Provided data:
------------------------
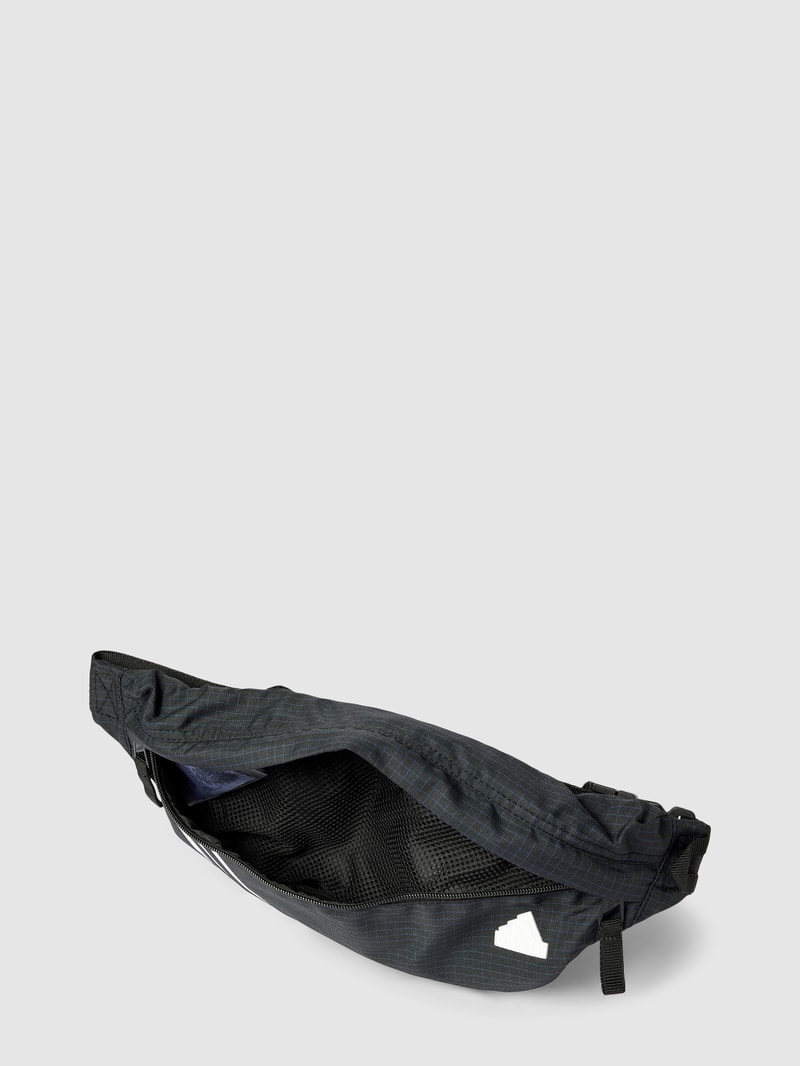 Bauchtasche mit Label-Patch in schwarz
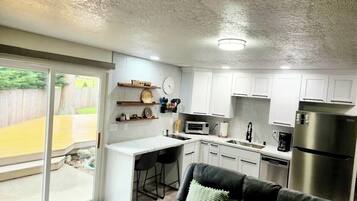 Habitació Comfort | Cuina privada | Frigorífic, forn i utensilis de cuina, vaixella i coberteria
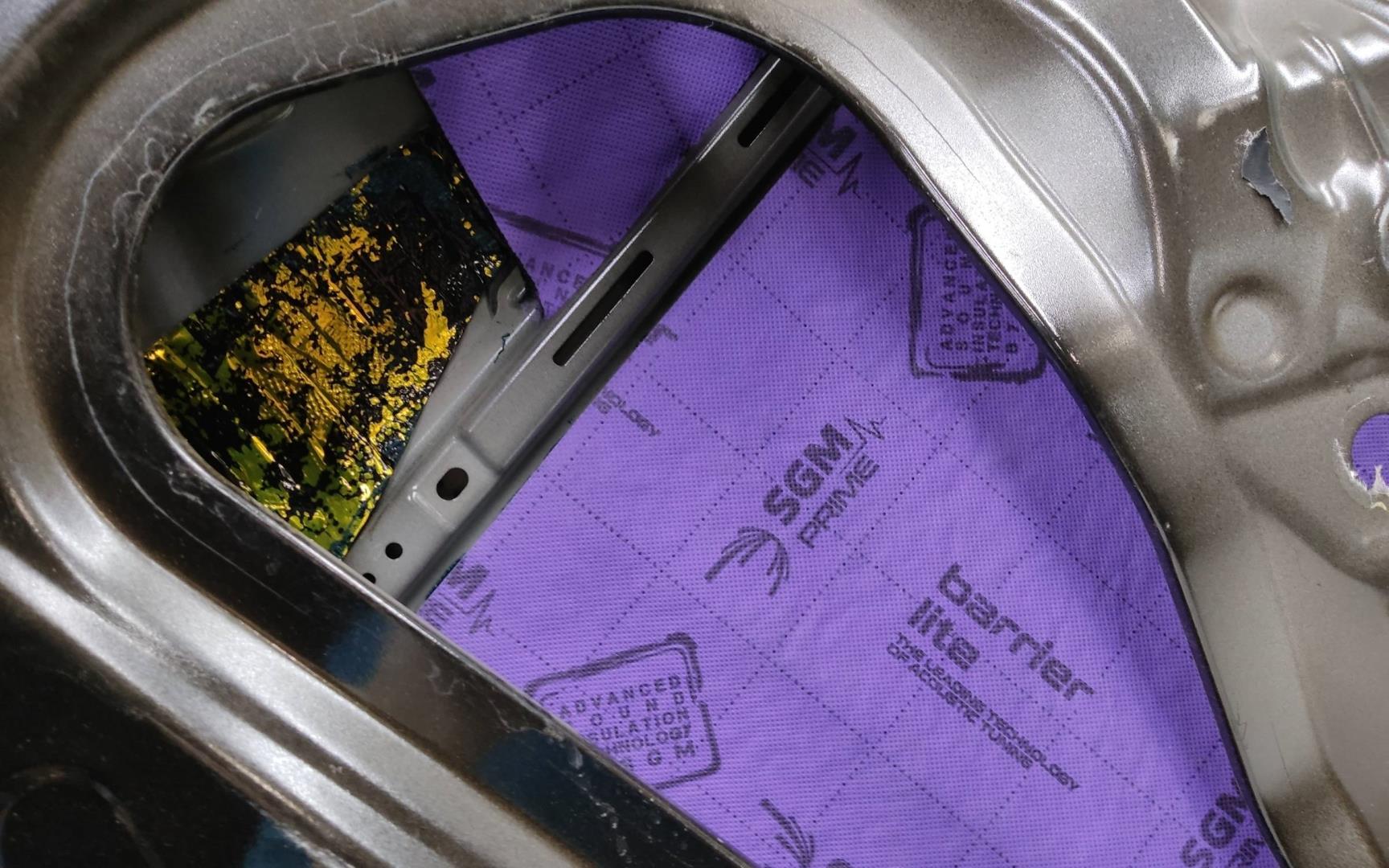 Дверь задняя левая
------------------------
Write out the material above exactly. Skip the pictures.

 Bauchtasche mit Label-Patch in schwarz
 Habitació Comfort | Cuina privada | Frigorífic, forn i utensilis de cuina, vaixella i coberteria
 Дверь задняя левая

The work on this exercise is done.